Fascism: ideology that favors dictatorial government, centralized control of private enterprise, repression of opposition, and extreme nationalism.

Over the last six years, the goal of our government has been to take money (via taxes and fees) from the people (with more and more of it coming from the middle class and less well-off) and give it to corporations (to provide public services and run government programs). This has proven to be a very inefficient and expensive way to run the government. The goal of corporations is to make a profit, so in order for money to be made, the people being served are cheated out of what is due to them. Corruption is rampant in this type of system. The primary example that comes to mind is, of course, Halliburton. Halliburton received lucrative government contracts to provide food to our troops in Iraq. Instead, they cut corners and gave our soldiers expired food and unpotable water.

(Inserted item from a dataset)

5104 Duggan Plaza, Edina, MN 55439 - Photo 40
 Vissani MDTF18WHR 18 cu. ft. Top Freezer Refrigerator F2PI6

Another example, which I just read about in today's Boston Sunday Globe, involves health care services for prison inmates. Instead of having the doctor and nurses work directly for the prison system, the government has a contract with a private company to provide health care to prisoners. Because of this, no doctor was available to attend to a 24 year-old diabetic mother of two, incarcerated while awaiting trial for a drug offense. She had a violent reaction to withdrawal from drugs and was dead within 24 hours after being placed in her cell.

The goal of this administration is to privatize all government services and programs. Social Security has been a very successful government program with extremely low overhead and relatively high output. If the surpluses over the years were allowed to accumulate, as they should, Social Security would be solvent for years and years. The Bushies can't wait to privatize this program. Any profits to be made will go to the corporate administrators first and to Social Security recipients last.

So what is happening now is a partnership between our current government and private corporations. Our money is offered to corporations for our benefit, but little of it "trickles down" to provide the goods and services needed. A lot of people are getting rich off of this system.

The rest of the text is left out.